Through the various glosses of the Liechtenauer fencing tradition we are told of the “buffalo”- a type of fighter who lacks important technique and may try to compensate with strength.

It happened several times as I read the manuals and looked at my own fencing that I’ve asked myself: “Could I be the buffalo master Liechtenauer mentioned?” - “It can’t be” - I thought, after all “I’m learning proper technique and fighting as taught in the glosses and therefore I can’t be a buffalo.”

Or can I?

I propose the two are not mutually exclusive: one can study the glosses to learn technique and even execute it in sparring situations, yet still be the buffalo the masters warned us about.

What is a buffalo?

To know if one acts as the buffalo we must first know what it means. In truth, we never get a clear description.

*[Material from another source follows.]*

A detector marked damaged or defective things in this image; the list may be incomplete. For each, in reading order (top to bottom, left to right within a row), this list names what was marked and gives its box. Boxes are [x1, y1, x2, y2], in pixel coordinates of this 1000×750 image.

However we can gather glimpses of information from the different manuscripts to compose our own definition.

The first reference we get is from Liechtenauer:

“The Schiler [“Squinter” - a descending cut with the hand turned to use the short edge] breaks into whatever a buffalo strikes or thrusts.”

This inconveniently gives no hint of what exactly distinguishes the buffalo’s strikes or thrusts, and so we need to go deeper.

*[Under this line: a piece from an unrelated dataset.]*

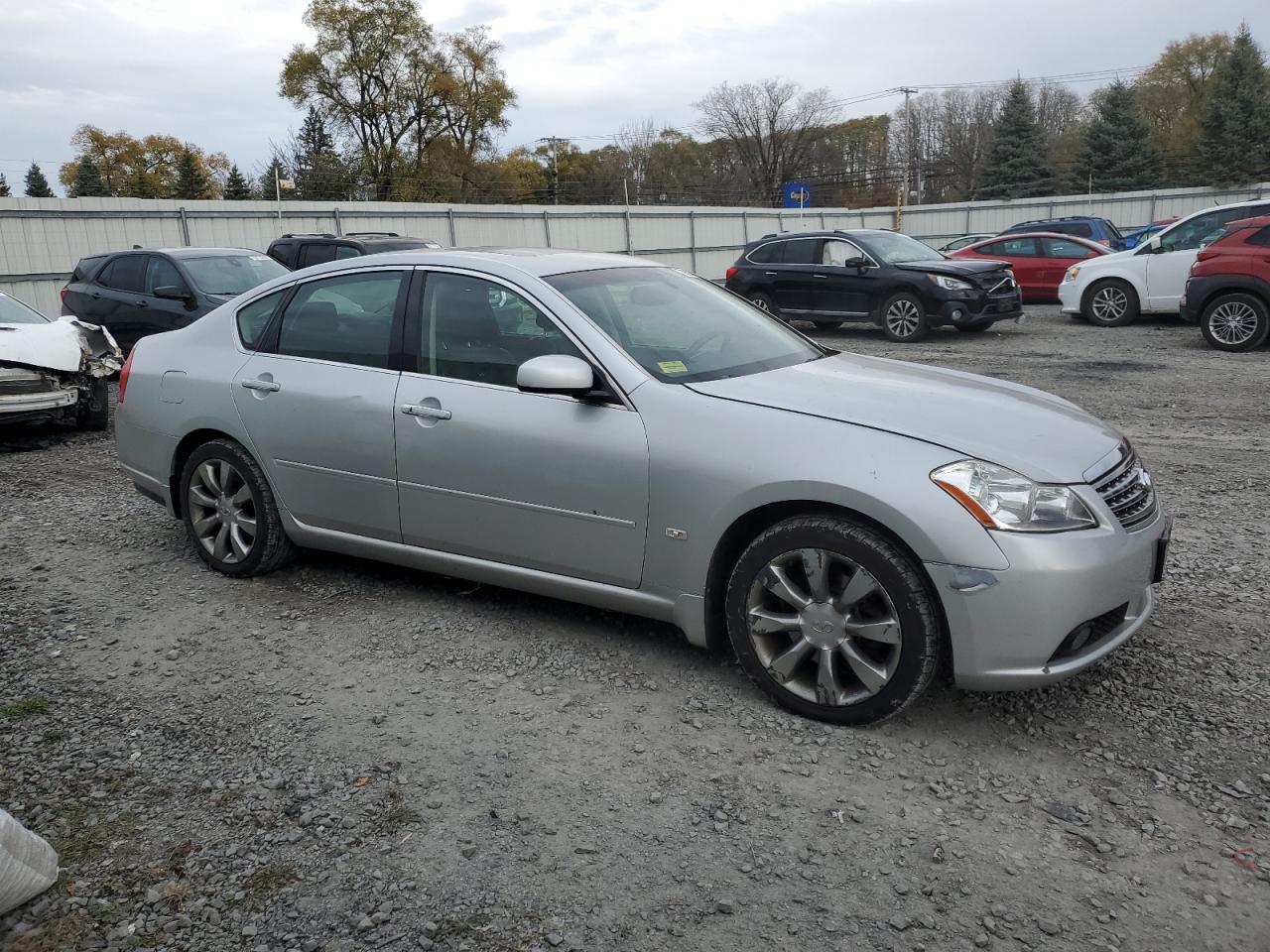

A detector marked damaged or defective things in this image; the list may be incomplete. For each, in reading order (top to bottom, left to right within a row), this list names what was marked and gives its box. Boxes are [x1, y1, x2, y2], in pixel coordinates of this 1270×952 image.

damaged white car [0, 290, 121, 432]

Looking at the Sigmund ain Ringeck's translation we see the following:

“Note here that the squinter is a hew which breaks-in the hews and thrusts of the buffalo ([one] who acquires victory with power), and deploy the hew thusly:”

This suggests that the buffalo is one who fights with strength and not necessarily with technique.

This is reinforced by Hans Medel: “the squint-hew, which is such an exquisite hew, that breaks in buffaloes or thugs, which take victory by force in hews and in thrusts”

Nuremberg Hausbuch (MS 3227a) tells us the following:

“And this strike breaks all strikes of a Buffalo – which means peasant – that come downwards from above, as most peasants usually do.”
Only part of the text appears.